(What you will do)
Reproduce the listing exactly, with no pictures in your copy.

(Beginning of Data below)

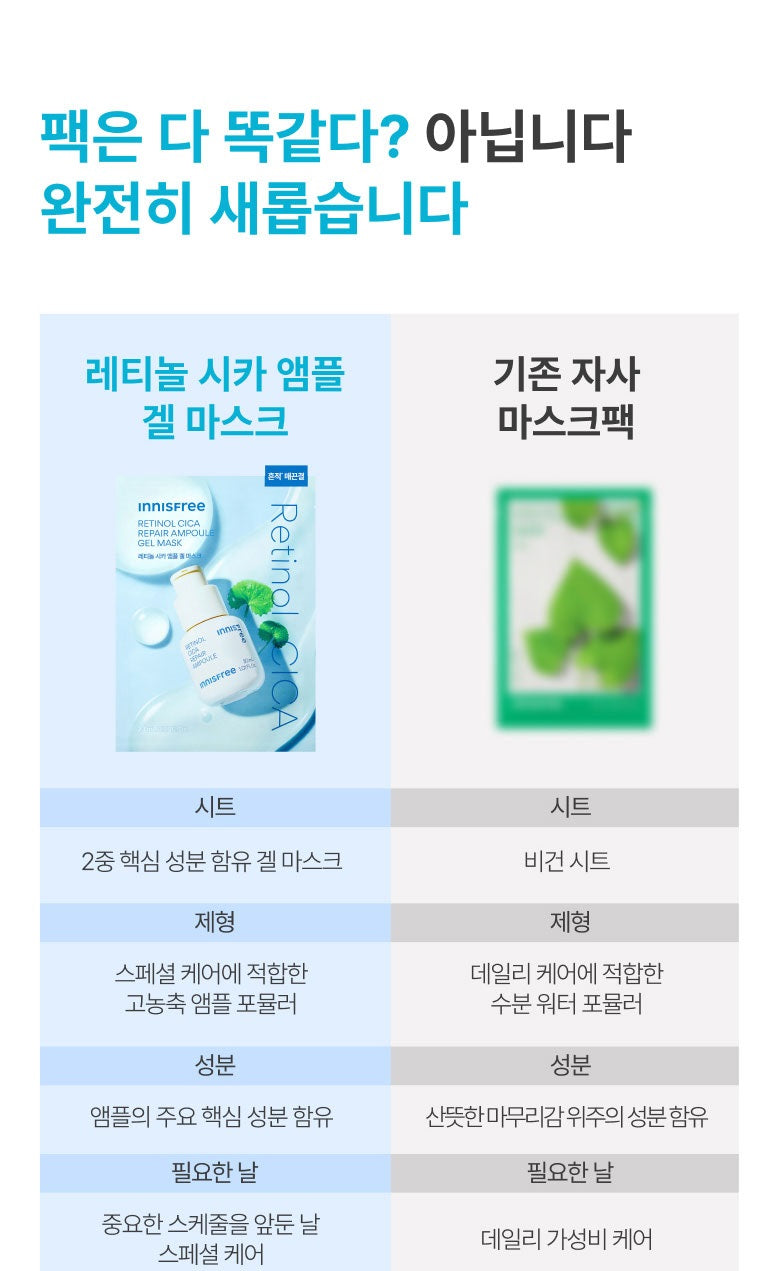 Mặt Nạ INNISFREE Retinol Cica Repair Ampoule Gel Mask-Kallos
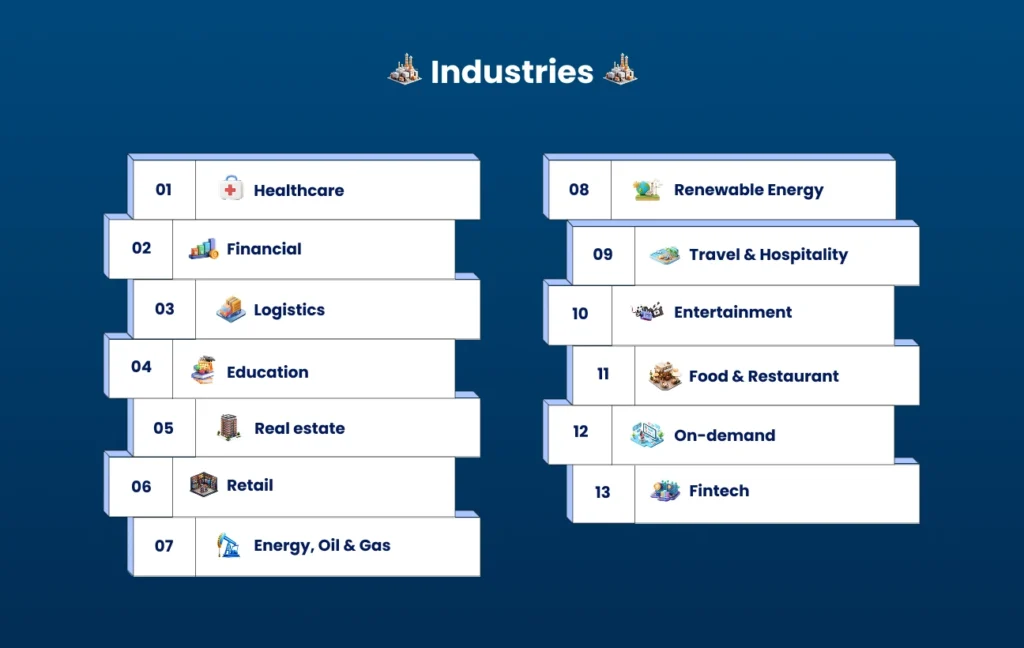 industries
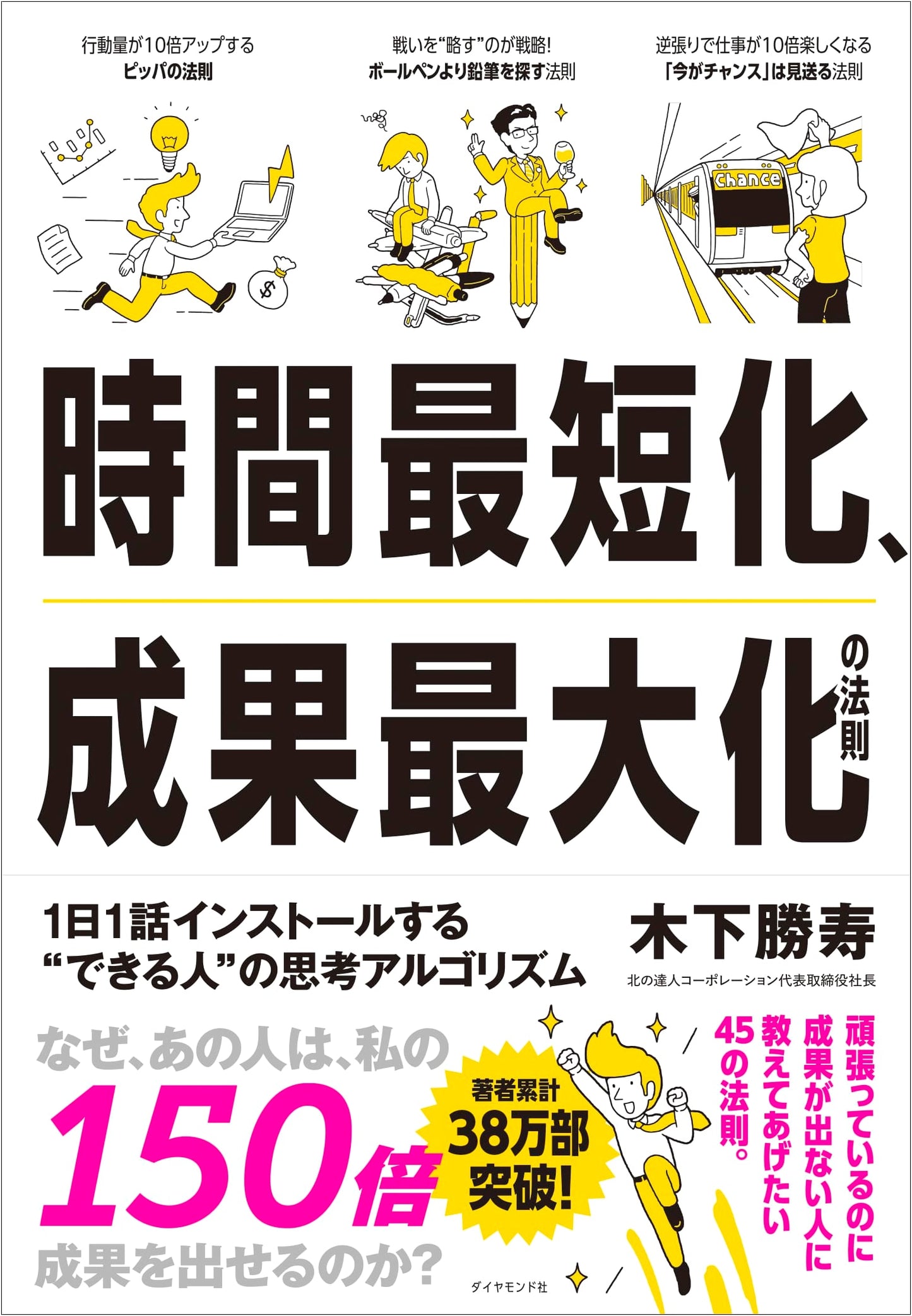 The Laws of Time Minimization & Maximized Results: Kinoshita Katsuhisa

(End of Data below)

(Task output)
 Mặt Nạ INNISFREE Retinol Cica Repair Ampoule Gel Mask-Kallos
 industries
 The Laws of Time Minimization & Maximized Results: Kinoshita Katsuhisa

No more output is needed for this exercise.